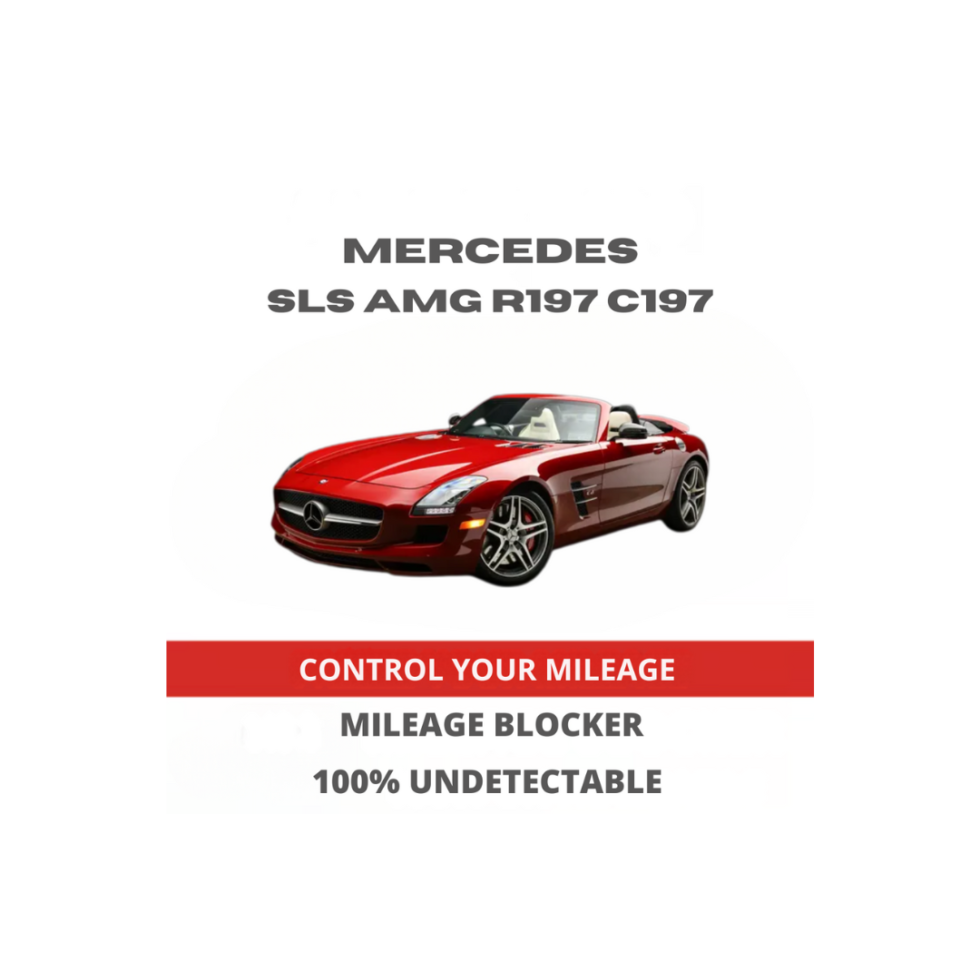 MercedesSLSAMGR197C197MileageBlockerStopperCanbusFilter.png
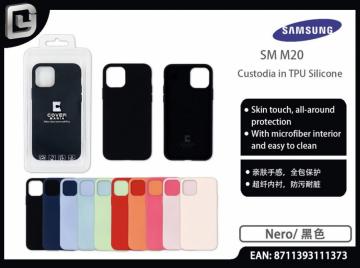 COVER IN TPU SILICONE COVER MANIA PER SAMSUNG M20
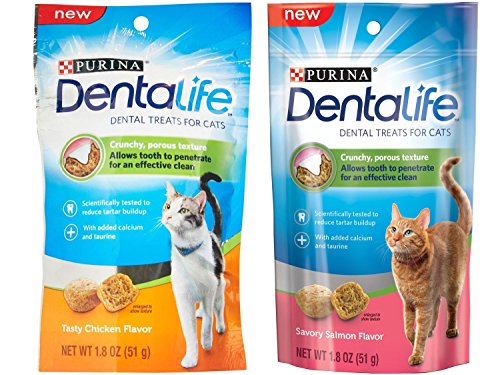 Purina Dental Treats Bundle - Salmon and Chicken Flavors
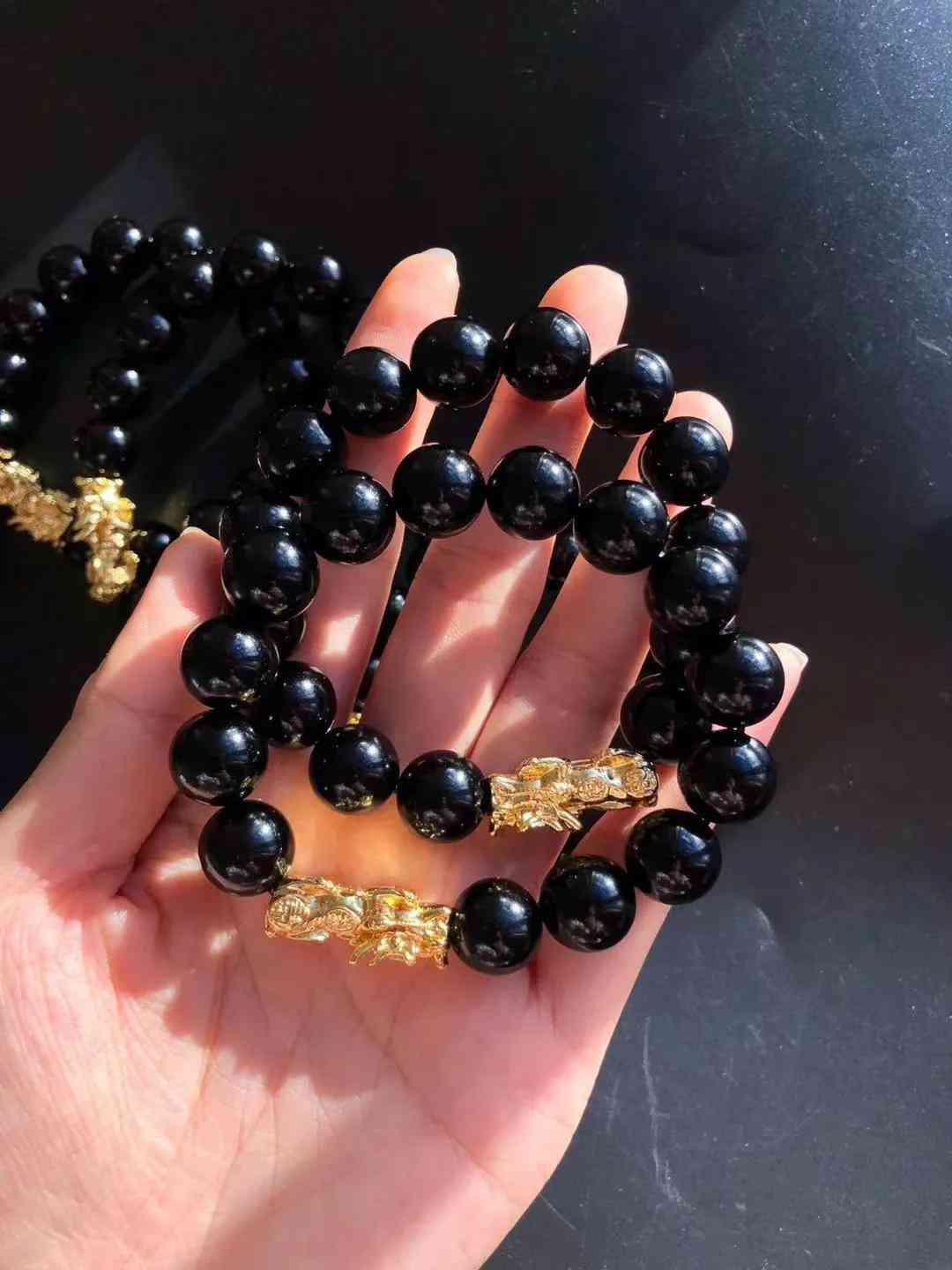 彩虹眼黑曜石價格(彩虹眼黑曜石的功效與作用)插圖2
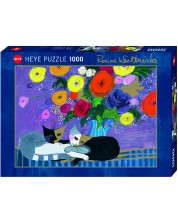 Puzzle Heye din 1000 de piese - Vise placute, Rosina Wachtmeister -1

● ● ● ●

== Problem to solve ==
The expected answer is the data retyped exactly, without pictures.

== Written solution ==
 MercedesSLSAMGR197C197MileageBlockerStopperCanbusFilter.png
 COVER IN TPU SILICONE COVER MANIA PER SAMSUNG M20
 Purina Dental Treats Bundle - Salmon and Chicken Flavors
 彩虹眼黑曜石價格(彩虹眼黑曜石的功效與作用)插圖2
 Puzzle Heye din 1000 de piese - Vise placute, Rosina Wachtmeister -1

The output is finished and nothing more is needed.